The term “transmission” refers to the process where the title of shares is transferred due to the operation of law other than through transfer. In simple terms, transmission means the transfer of title by the operation of law. So in simple terms, transmission of shares will only occur when a registered member dies or is adjudicated insolvent.
Section 2 (84) of the Companies Act of 2013 defines the term ‘share’. Transfer of share occurs when the title of the share is transferred from one person to another person. In the entire process of transfer of shares, there are two parties involved, i.e., the transferor and the transferee.Just any moveable property, it is very easy to transfer your shares to another person. In the case of public Company, shares can be freely transferred unless an expressed restriction is mentioned under the Articles of Association (AOA).
Transfer of shares can be conducted due to multiple reasons. A person can sell or transfer the share to raise net working capital for the company or completely re-organise the firm
Section 56 of the Companies Act of 2013 elaborates on the concept of transmission of shares. The section empowers the company to register on receipt of an intimation of any rights to securities by operation of law from any person to whom such right has been transmitted. Along with the Companies, Act of 2013, Rule 11 of the Companies (Share Capital & Debenture) Rules of 2014 also talks about the transmission of shares.

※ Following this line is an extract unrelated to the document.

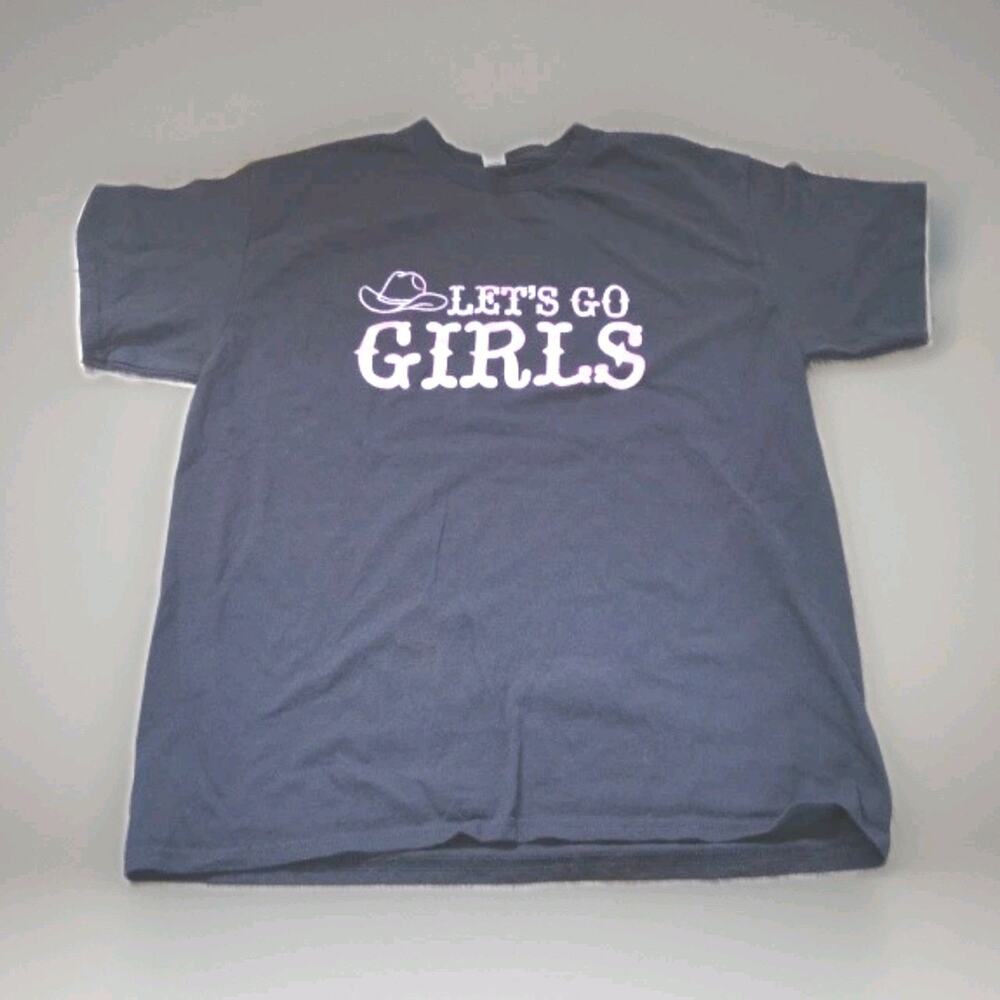 T-shirt Sz Lg "Let's Go Girls" Black Pink Glitter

As per Section 56 of the Companies Act, the legal heir/ legal representative can move a simple application to the company along with the following necessary documents:· A certified copy death certificate;· Copy succession certificate – the certificate is issued by a competent civil court certifying a rightful person to be the successor of a deceased person. · Finally, the specimen signature of the successor.
Form SH-4 serves as an essential instrument of transfer through which the process is initiated. The transferor is required to submit the form, which is duly executed, dated and stamped.
The Form – SH4 contains the following information:· The date of execution· CIN (Corporate Identification Number), along with the name of the company· Name of the Company· Details regarding the classes of the security · Nominal value/ Amount called up/ Amount paid up of the securities.· The securities to be transferred at a consideration or Rs… Distinctive no. of shares, certificate no.· Name of the transferor along with his Folio No, and signature Also, the same should be witnessed.· Name of the transferee and other details, which includes: the father’s name, address, Email id, occupation and signature.· All the instruments of the transfer are required to be duly stamped, as per the laws laid down in the Indian Stamp Act of 1899.· Once the applicant submits the application, the company will check all the information, and if everything is in place, then register the same request.· The share certificate is usually issued within a period of one month.